Снаряды из пушечки, которую полицейские называли базукой, разрывались на дверях, не причиняя тем никакого вреда, разве что окружающие окна сделались матовыми. Когда погибла очередная пара борцов с террором, остальные отступили за ближайшие дома.
Прошел двадцатый час осады. Более сотни жителей окружающих зданий были эвакуированы. За беспрецедентной ситуацией с безопасного расстояния следили несколько машин телевизионщиков.
— Похоже, у мужика имеется собственный колодец и электрогенератор, — сказал безымянный полицейский. — Во всем этом бардаке оросительные установки на газонах продолжают работать.
Понятное дело, каждый нарушает закон, чтобы иметь возможность функционировать, или даже неумышленно — не поспевая за лавиной новых, никак не связанных друг с другом предписаний. Человек, который бы попробовал жить в соответствии со всеми параграфами, очень скоро оказался бы в доме без дверных ручек.
Благодаря этому, на каждого имеется крючок. Каждый является потенциальной жертвой системы.
— Не могли бы вы сказать, каковы требования пана Вроньского? — спросила журналистка информационного канала. Пресс-атташе Столичного Управления в немодной кожаной куртке глядел куда-то в сторону.

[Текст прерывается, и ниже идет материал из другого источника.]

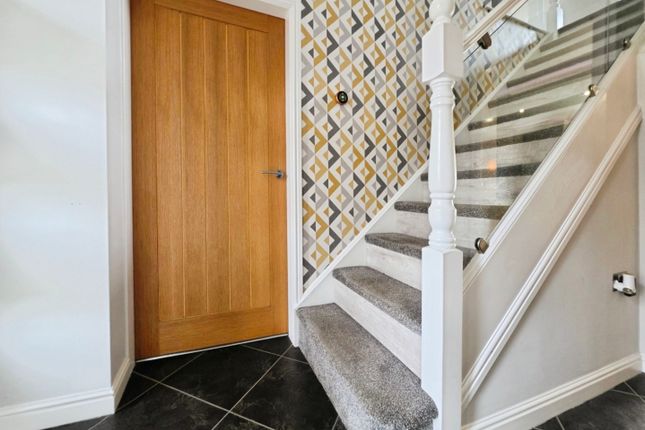 4, Ernest Egerton Close, Tunstall photo 3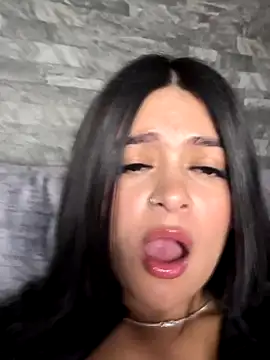 Saray_charmante's cam snapshot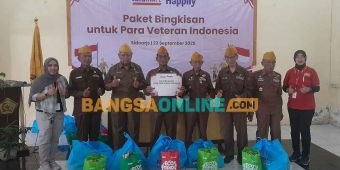 Alfamart dan Happily Salurkan 500 Paket Tali Asih untuk Veteran di 10 Kota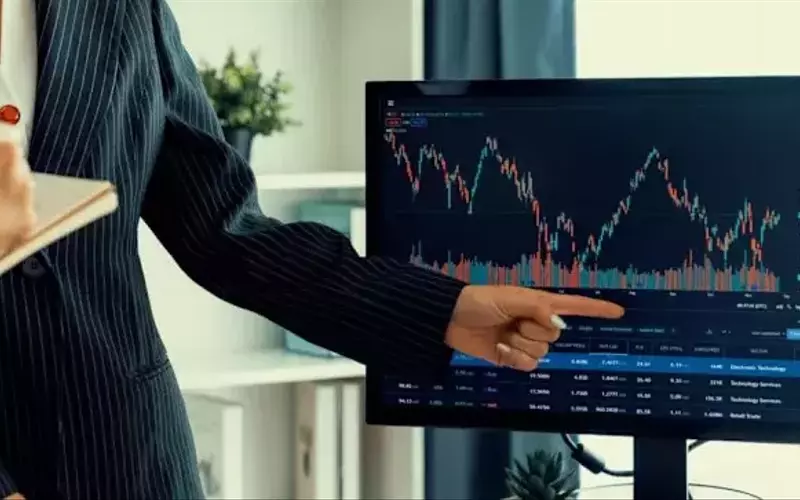 Meta's AI Strategy Boosts Stock, Attracts Investor Confidence
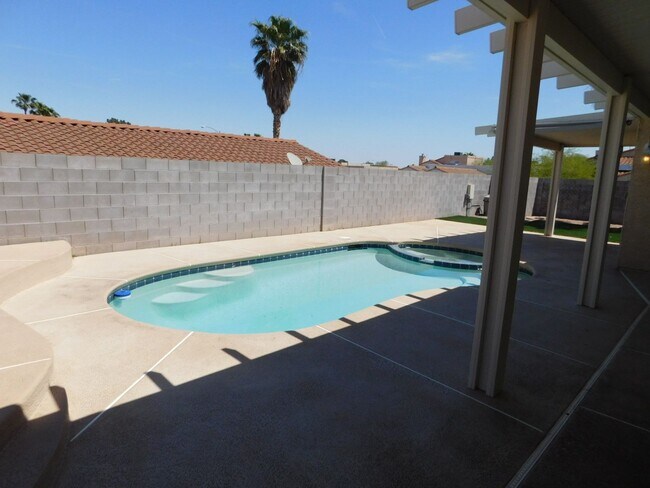 Foto del edificio - GORGEOUS SINGLE STORY WITH MANY UPGRADES*3 BEDROOMS*SPARKLING POOL AND SPA!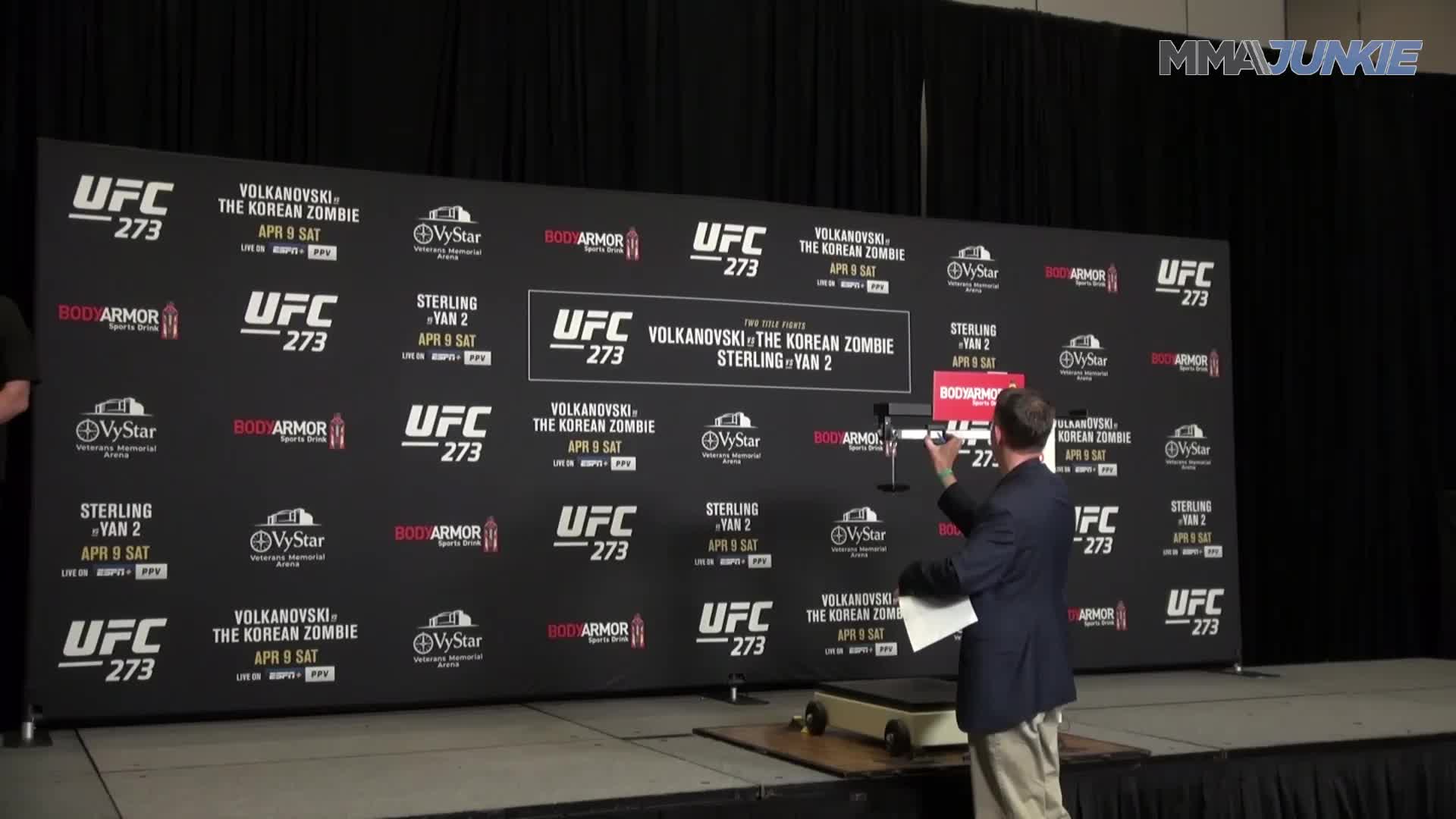 UFC 273 video Gilbert Burns, Khamzat Chimaev make weight for highly anticipated clash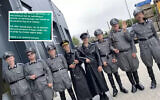 Des hommes portent des uniformes nazis lors d'une manifestation du COVID-19 dans la ville néerlandaise d'Urk, le 10 septembre 2021. ('Hart van Nederland' via JTA)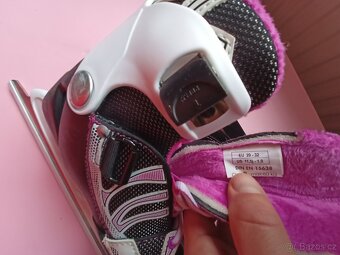 Dívčí zimní brusle - 4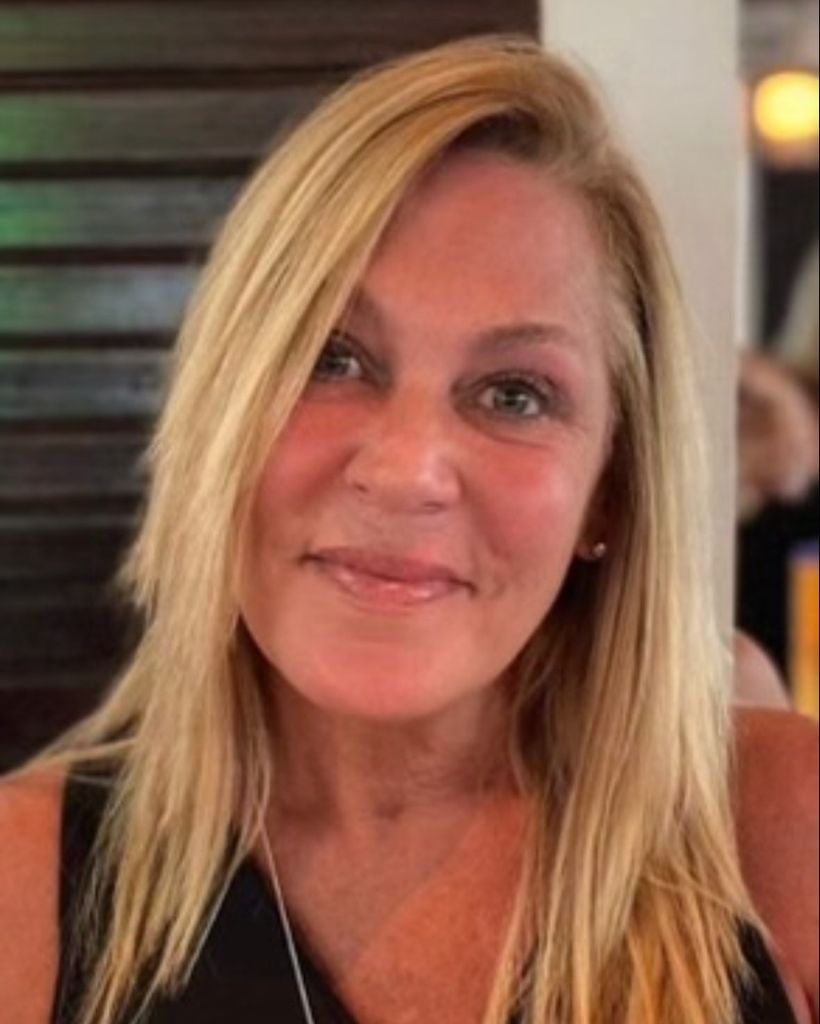 Andrea Warner Profile Photo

— У убийцы, забаррикадировавшегося в собственном доме, — медленно ответил он. — никаких требований нет. Скорее всего, он психически болен.
— Но наши источники говорят о чем-то совершенно ином. Якобы, охрана судебного исполнителя первой применила оружие.
— Ваши источники недостоверны.
— И, вроде бы, пан Вроньский желает только того, чтобы его оставили в покое. Это правда?
— Проше пани… каждый преступник желает, чтобы полиция прекратила его преследовать.
— А в чем его обвиняют?
— Он будет обвинен в многократных убийствах.
— В нашу редакцию поступило письмо, которое пан Вроньский написал три недели назад. Уже тогда он утверждал, что он желает лишь того, чтобы государственные служащие перестали его преследовать.
— Передайте это письмо в прокуратуру. Это доказательный материал по делу.
То было последнее дело, с которым мне хотелось закончить. Я пошел в учреждение в назначенное время. Очередь состояла исключительно из людей с повестками на назначенное время. Стиснув зубы, я простоял там два часа, пока чиновница не собралась и извиняющимся тоном не сообщила, что ее рабочее время закончилось. И я на нее вовсе даже не злился. Ей платят гроши, так что она работает, как работает.
Я порвал повестку и пообещал себе, что с этого времени прекращаю обхаживать государственную администрацию. Чиновник обязан служить гражданину, а не валиться на спинку, заставляя почесывать себе животик. Буду их игнорировать.